=== Data to examine ===

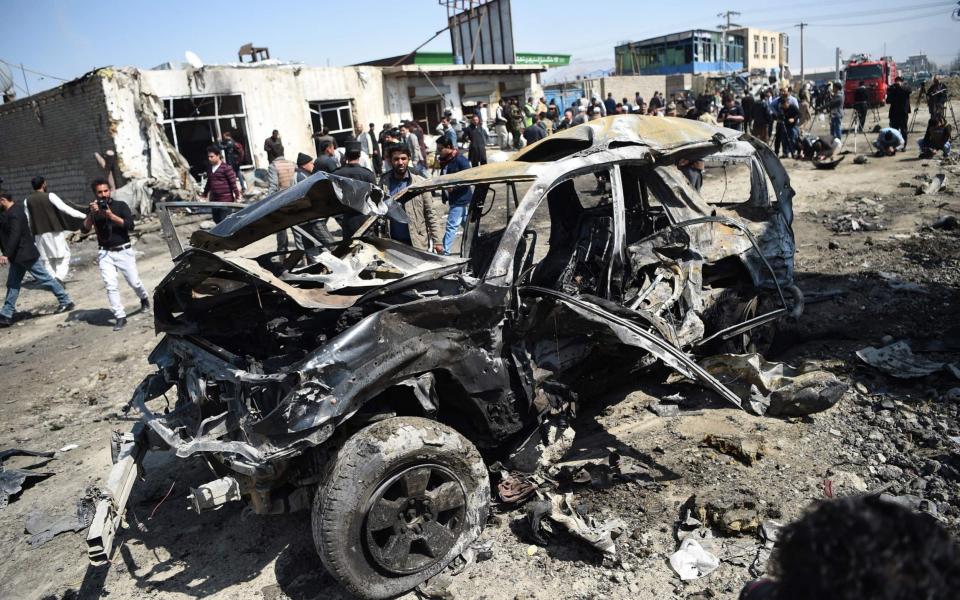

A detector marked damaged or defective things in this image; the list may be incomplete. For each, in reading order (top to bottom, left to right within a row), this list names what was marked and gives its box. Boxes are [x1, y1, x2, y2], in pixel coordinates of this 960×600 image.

wall with damage [0, 73, 113, 205]
broken window [161, 91, 253, 176]
wall with damage [141, 65, 388, 169]
damaged building [0, 59, 540, 207]
broken window [310, 98, 354, 150]
destroyed vehicle [88, 115, 804, 596]
burnt car wreck [86, 115, 844, 596]
charred metal debris [84, 115, 848, 596]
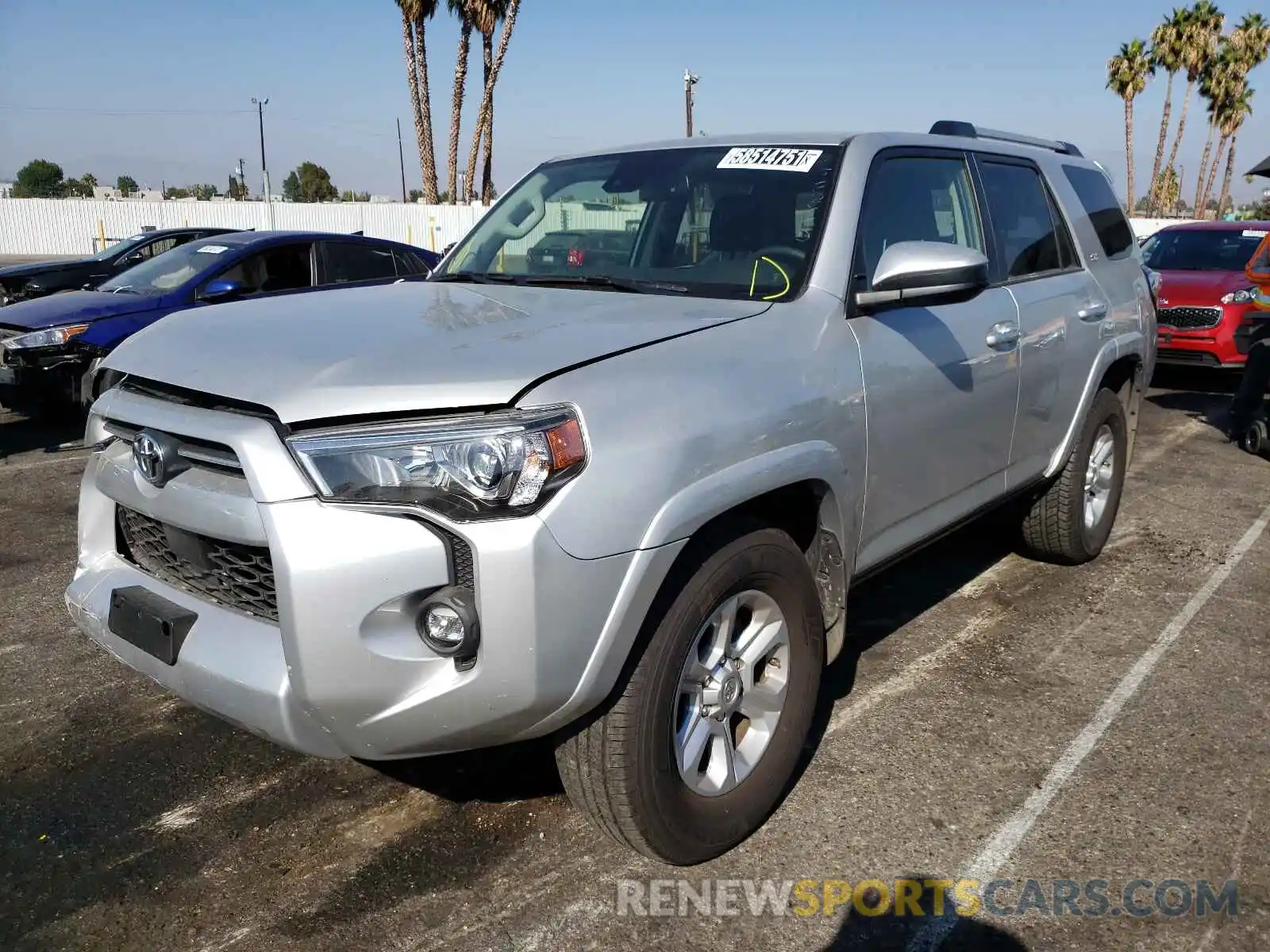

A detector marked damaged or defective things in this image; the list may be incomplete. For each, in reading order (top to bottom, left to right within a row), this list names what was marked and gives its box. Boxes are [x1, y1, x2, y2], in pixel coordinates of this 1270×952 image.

blue damaged sedan [0, 229, 439, 416]
dented hood [102, 278, 762, 424]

===

Goal of the exercise: Could you repeat all of the entries exactly, without the pictures?

Answer area:
A detector marked damaged or defective things in this image; the list may be incomplete. For each, in reading order (top to bottom, left to right within a row), this list names what was marked and gives its box. Boxes are [x1, y1, x2, y2], in pixel coordinates of this 960×600 image.

wall with damage [0, 73, 113, 205]
broken window [161, 91, 253, 176]
wall with damage [141, 65, 388, 169]
damaged building [0, 59, 540, 207]
broken window [310, 98, 354, 150]
destroyed vehicle [88, 115, 804, 596]
burnt car wreck [86, 115, 844, 596]
charred metal debris [84, 115, 848, 596]

A detector marked damaged or defective things in this image; the list may be incomplete. For each, in reading order (top to bottom, left to right within a row), this list names what was marked and gives its box. Boxes are [x1, y1, x2, y2], in pixel coordinates of this 1270×952 image.

blue damaged sedan [0, 229, 439, 416]
dented hood [102, 278, 762, 424]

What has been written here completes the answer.